Hawaii’s U.S. Senate race, dismissed by most mainland pundits as fait accompli, popped up today in the conservative magazine The Weekly Standard.
Under the headline “Why Linda Lingle Might Just Win,” Barry Casselman explains that the time difference between Hawaii and the mainland could be a big factor in Lingle’s victory. In Casselman’s words:
Hawaii is the most western U.S. state, located in the Pacific Ocean six time zones from the eastern U.S. coast. On November 6, the most contested “battleground” states in the presidential election are located on the east coast, including Florida, North Carolina, Virginia, New Jersey, Pennsylvania and New Hampshire. The major Midwestern contested state, Ohio, is also in the same time zone. If Mitt Romney’s political fortunes continue in their present trend (there is no guarantee, of course, that they will), the outcome of the presidential election might be clear by 9:00 p.m. Eastern Standard Time. More likely, the outcome will be known by 10:00 p.m. EST. Hawaii is six hours behind Eastern Standard Time. Thus, the result of the U.S. presidential election will likely be known in Hawaii between 3:00 and 4:00 p.m., Hawaiian time. Many Hawaiians will not yet have voted.
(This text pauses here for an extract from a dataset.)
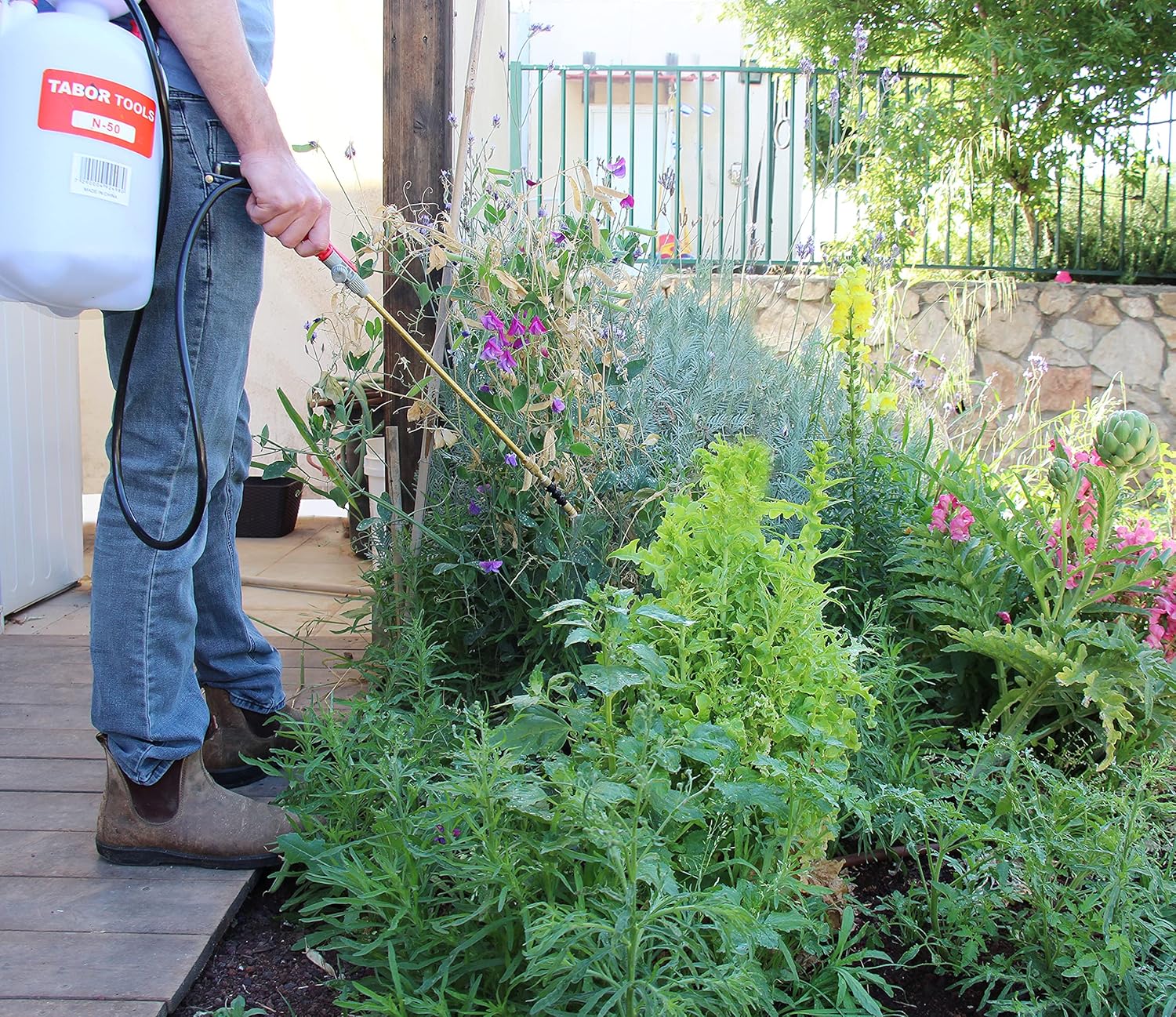 TABOR TOOLS 1.3 Gallon Lawn and Garden Pump Pressure with Pressure Relief Valve, Adjustable Shoulder Strap, Telescopic Adjustable Wand and Extra Set of Seals. N50TA.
And, he writes, Lingle’s campaign has made the case that she’d be a particularly valuable representative if Republicans hold the White House or the U.S. Senate. So a clear, early Mitt Romney win could give Hawaii voters extra motivation to send Lingle to Washington as his ally.
Leaving aside the possibility that Barack Obama could win and that not all Hawaii voters are Hawaiians, the argument is flawed for a few different reasons.
- Daylight savings time ends Nov. 4 on the mainland, and Hawaii does not observe daylight savings. So on election day, Nov. 6, Hawaii will be only five hours behind the East Coast, not six. Even if the presidential winner was known by 9 p.m. EST, that would be 4 p.m. in Hawaii, not 3 p.m.
- Polls close earlier in Hawaii than in many other states. In Ohio, polls are open from 6:30 a.m. to 7:30 p.m. In Florida, it’s from 7 a.m. to 7 p.m. In Hawaii, it’s from 7 a.m. to 6 p.m. So even if the presidential winner is known at 4 p.m. Hawaii time, that would mean the polls had already been open for nine hours, with only two hours left.
- Most importantly, a large percentage of votes will have been cast before election day. The share of early walk-in and absentee votes has increased every election since 1992, reaching 42.4 percent in the 2010 general election and 49 percent in the 2012 primary election.
Even if only 40 percent of votes are early or absentee and only half of the election-day votes are cast in the nine hours before 4 p.m. (with the other half coming in the two hours after 4 p.m.), that would still mean 70 percent of all votes in Hawaii will have been cast before the presidential race is decided at 9 p.m. EST. It’s more likely that in excess of 80 percent or 90 percent of Hawaii votes will be in before the presidential winner is known, which could be at 10 p.m. EST or later.
So while it’s true that Lingle might just win this thing, time zones won’t be her saving grace. She’ll have to do it with voters who don’t yet know if Romney or Obama is the next president.